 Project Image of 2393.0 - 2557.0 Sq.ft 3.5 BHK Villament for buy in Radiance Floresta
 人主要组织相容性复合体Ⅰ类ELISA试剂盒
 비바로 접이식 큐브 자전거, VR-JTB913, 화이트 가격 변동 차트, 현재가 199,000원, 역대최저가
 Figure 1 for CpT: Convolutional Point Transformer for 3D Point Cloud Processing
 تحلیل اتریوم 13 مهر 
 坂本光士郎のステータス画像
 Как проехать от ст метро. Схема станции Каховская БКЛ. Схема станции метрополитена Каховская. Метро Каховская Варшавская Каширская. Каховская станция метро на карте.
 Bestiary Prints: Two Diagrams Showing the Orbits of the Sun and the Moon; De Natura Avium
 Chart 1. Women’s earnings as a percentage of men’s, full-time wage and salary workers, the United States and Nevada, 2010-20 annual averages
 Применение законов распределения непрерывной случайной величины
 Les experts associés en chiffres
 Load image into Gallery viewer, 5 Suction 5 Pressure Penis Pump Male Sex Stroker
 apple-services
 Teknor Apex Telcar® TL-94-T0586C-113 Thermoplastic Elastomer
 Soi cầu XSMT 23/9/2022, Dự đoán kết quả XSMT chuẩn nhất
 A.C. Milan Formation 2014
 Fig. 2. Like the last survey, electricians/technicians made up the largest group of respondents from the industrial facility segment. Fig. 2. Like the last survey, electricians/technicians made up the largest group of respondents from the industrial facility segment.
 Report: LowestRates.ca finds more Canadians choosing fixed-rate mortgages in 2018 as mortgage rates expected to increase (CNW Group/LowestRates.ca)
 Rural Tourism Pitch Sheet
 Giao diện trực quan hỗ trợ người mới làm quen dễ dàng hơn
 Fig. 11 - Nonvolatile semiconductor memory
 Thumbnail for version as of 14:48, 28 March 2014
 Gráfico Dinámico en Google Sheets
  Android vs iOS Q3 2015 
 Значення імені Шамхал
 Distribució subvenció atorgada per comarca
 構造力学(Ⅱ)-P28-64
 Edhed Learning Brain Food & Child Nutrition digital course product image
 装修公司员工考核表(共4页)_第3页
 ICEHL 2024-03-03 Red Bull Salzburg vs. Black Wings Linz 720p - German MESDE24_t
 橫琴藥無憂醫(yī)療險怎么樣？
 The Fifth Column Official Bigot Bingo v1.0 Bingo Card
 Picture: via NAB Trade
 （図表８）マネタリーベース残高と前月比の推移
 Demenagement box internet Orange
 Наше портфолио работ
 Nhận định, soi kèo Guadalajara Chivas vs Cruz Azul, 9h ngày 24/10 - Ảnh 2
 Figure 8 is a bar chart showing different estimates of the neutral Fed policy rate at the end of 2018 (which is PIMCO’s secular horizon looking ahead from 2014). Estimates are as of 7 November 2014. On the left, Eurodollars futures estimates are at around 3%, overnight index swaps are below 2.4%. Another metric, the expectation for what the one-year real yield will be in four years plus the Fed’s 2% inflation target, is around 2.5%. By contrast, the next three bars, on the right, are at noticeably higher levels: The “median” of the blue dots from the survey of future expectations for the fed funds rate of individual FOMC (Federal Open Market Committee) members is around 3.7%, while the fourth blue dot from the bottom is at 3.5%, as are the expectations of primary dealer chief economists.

WORK INSTRUCTION — Reproduce the entries exactly, each one as given.

COMPLETED TASK —
 Project Image of 2393.0 - 2557.0 Sq.ft 3.5 BHK Villament for buy in Radiance Floresta
 人主要组织相容性复合体Ⅰ类ELISA试剂盒
 비바로 접이식 큐브 자전거, VR-JTB913, 화이트 가격 변동 차트, 현재가 199,000원, 역대최저가
 Figure 1 for CpT: Convolutional Point Transformer for 3D Point Cloud Processing
 تحلیل اتریوم 13 مهر 
 坂本光士郎のステータス画像
 Как проехать от ст метро. Схема станции Каховская БКЛ. Схема станции метрополитена Каховская. Метро Каховская Варшавская Каширская. Каховская станция метро на карте.
 Bestiary Prints: Two Diagrams Showing the Orbits of the Sun and the Moon; De Natura Avium
 Chart 1. Women’s earnings as a percentage of men’s, full-time wage and salary workers, the United States and Nevada, 2010-20 annual averages
 Применение законов распределения непрерывной случайной величины
 Les experts associés en chiffres
 Load image into Gallery viewer, 5 Suction 5 Pressure Penis Pump Male Sex Stroker
 apple-services
 Teknor Apex Telcar® TL-94-T0586C-113 Thermoplastic Elastomer
 Soi cầu XSMT 23/9/2022, Dự đoán kết quả XSMT chuẩn nhất
 A.C. Milan Formation 2014
 Fig. 2. Like the last survey, electricians/technicians made up the largest group of respondents from the industrial facility segment. Fig. 2. Like the last survey, electricians/technicians made up the largest group of respondents from the industrial facility segment.
 Report: LowestRates.ca finds more Canadians choosing fixed-rate mortgages in 2018 as mortgage rates expected to increase (CNW Group/LowestRates.ca)
 Rural Tourism Pitch Sheet
 Giao diện trực quan hỗ trợ người mới làm quen dễ dàng hơn
 Fig. 11 - Nonvolatile semiconductor memory
 Thumbnail for version as of 14:48, 28 March 2014
 Gráfico Dinámico en Google Sheets
  Android vs iOS Q3 2015 
 Значення імені Шамхал
 Distribució subvenció atorgada per comarca
 構造力学(Ⅱ)-P28-64
 Edhed Learning Brain Food & Child Nutrition digital course product image
 装修公司员工考核表(共4页)_第3页
 ICEHL 2024-03-03 Red Bull Salzburg vs. Black Wings Linz 720p - German MESDE24_t
 橫琴藥無憂醫(yī)療險怎么樣？
 The Fifth Column Official Bigot Bingo v1.0 Bingo Card
 Picture: via NAB Trade
 （図表８）マネタリーベース残高と前月比の推移
 Demenagement box internet Orange
 Наше портфолио работ
 Nhận định, soi kèo Guadalajara Chivas vs Cruz Azul, 9h ngày 24/10 - Ảnh 2
 Figure 8 is a bar chart showing different estimates of the neutral Fed policy rate at the end of 2018 (which is PIMCO’s secular horizon looking ahead from 2014). Estimates are as of 7 November 2014. On the left, Eurodollars futures estimates are at around 3%, overnight index swaps are below 2.4%. Another metric, the expectation for what the one-year real yield will be in four years plus the Fed’s 2% inflation target, is around 2.5%. By contrast, the next three bars, on the right, are at noticeably higher levels: The “median” of the blue dots from the survey of future expectations for the fed funds rate of individual FOMC (Federal Open Market Committee) members is around 3.7%, while the fourth blue dot from the bottom is at 3.5%, as are the expectations of primary dealer chief economists.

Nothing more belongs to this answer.